Attendance has fallen steeply in recent years at East Christian and the church has had just a part-time pastor, the Rev. Mary J. Wood, for several years.

The lack of young people was one sign the end was near for the congregation.

"We only had two teenage girls," Mrs. Gladieux said. "We had three or four people's grandchildren coming, but when they changed the service time to early in the morning, their parents stopped coming. Young people are the future of a church."

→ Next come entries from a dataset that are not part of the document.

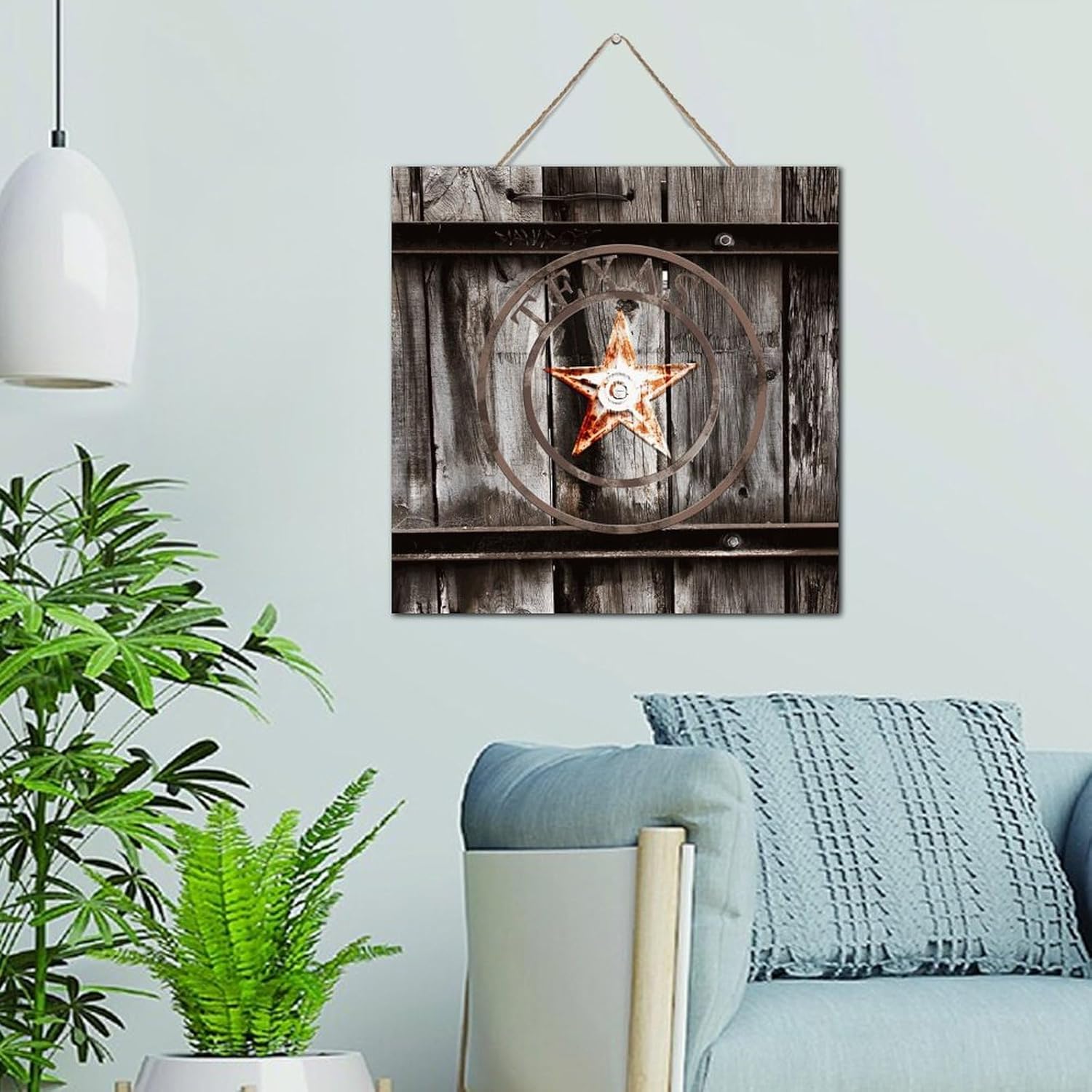 Autravelco Texas Lone Star Wood Map Wall Art Sign 12x12 Inch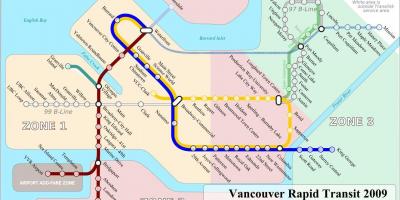 O transporte público mapa de vancouver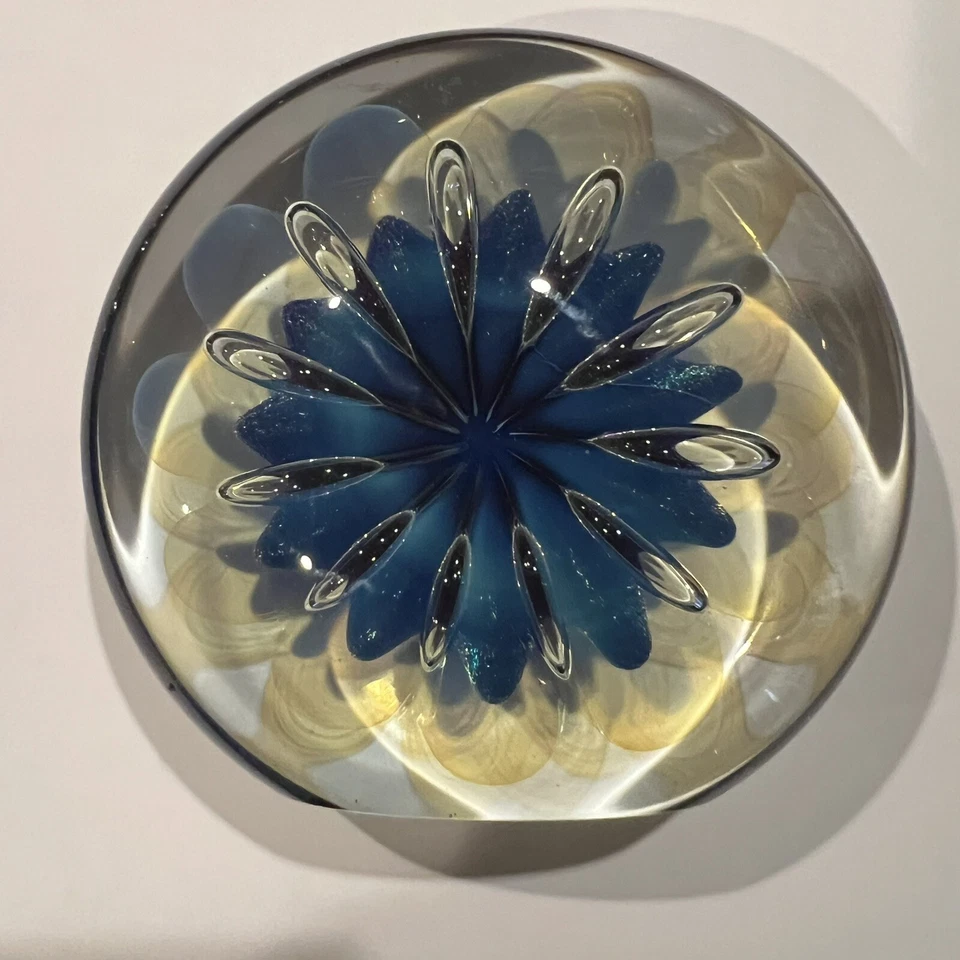 Eickholt Sea Anemone Paperweight Cobalt Hand Blown Dichroic Glass Signed 2001 - Image 1 of 4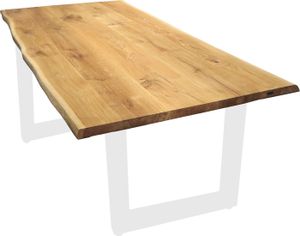 Tischplatte mit Baumkante - Eiche, massiv - 140 x 80cm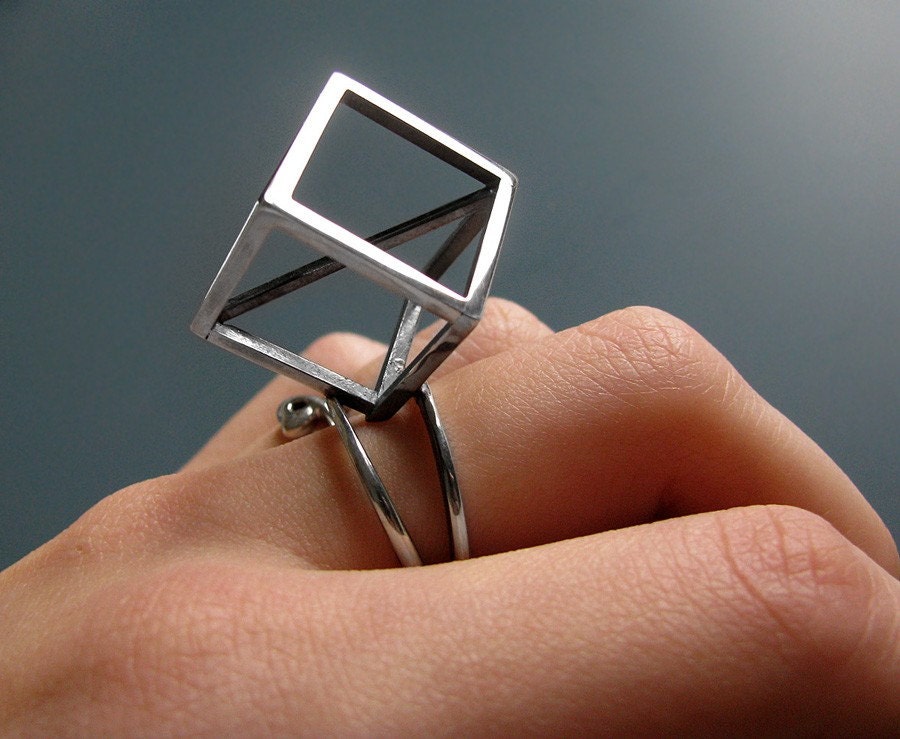 Cube - sterling silver ring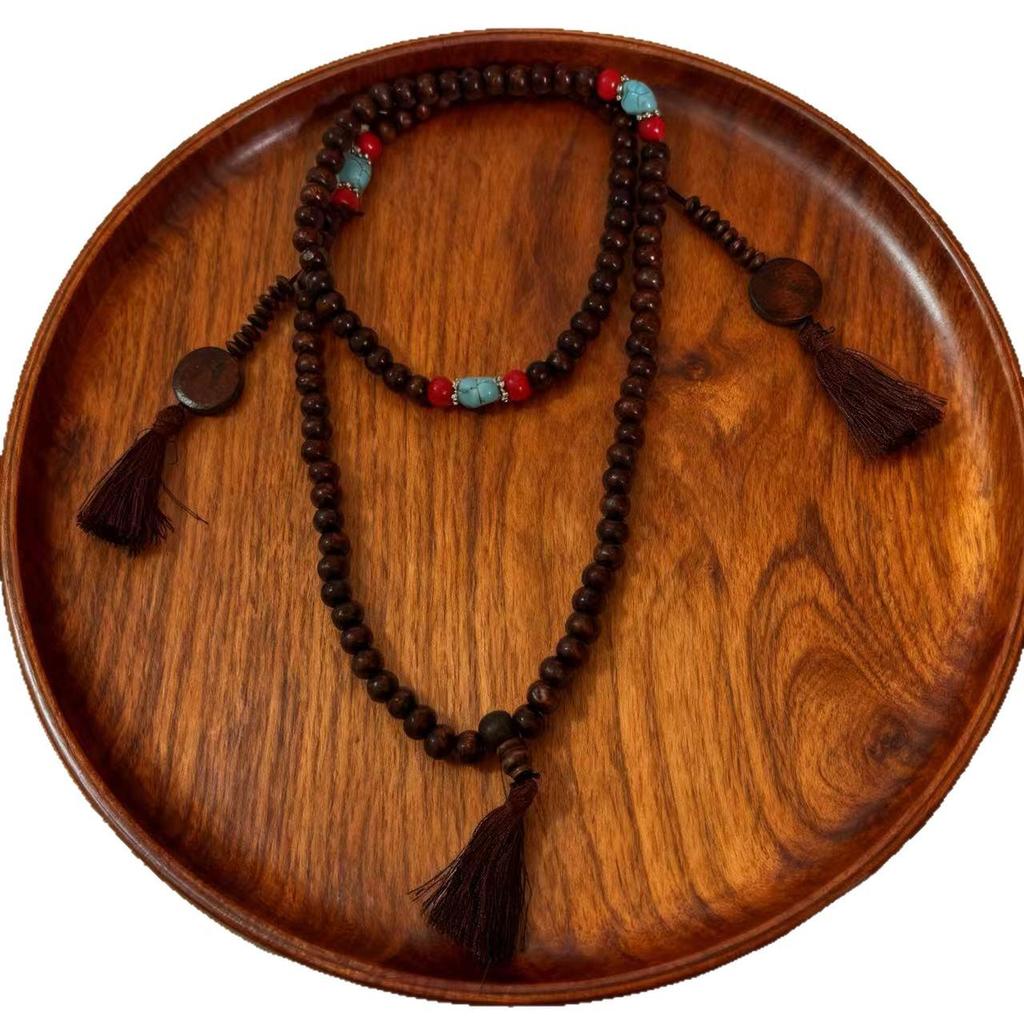 Ethnic Necklace: Retro Wooden Beads & Bodhi Pendant for Men & Women – Versatile Sweater Chain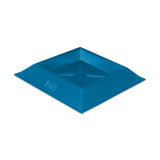 Teal square animal trough on a white background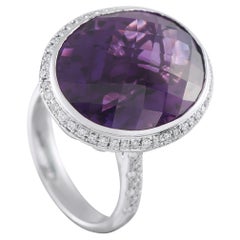Platinum 0.35ct Diamond and Amethyst Ring MF42-101625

The congregation is looking to sell its Coy Road building. The organ and piano will be left for the future occupants while many of other furnishings will go to its sister church, New Hope Christian Church, or the denomination's regional youth camp.

After Sunday's closing service, the members will go their separate ways and look for new church homes, Mrs. Gladieux said. After being so active in her congregation and holding church offices her entire life, it will require an adjustment to just sit in the pews somewhere else.

"My husband said that wherever we go, it won't be long before I get involved," she said with a laugh.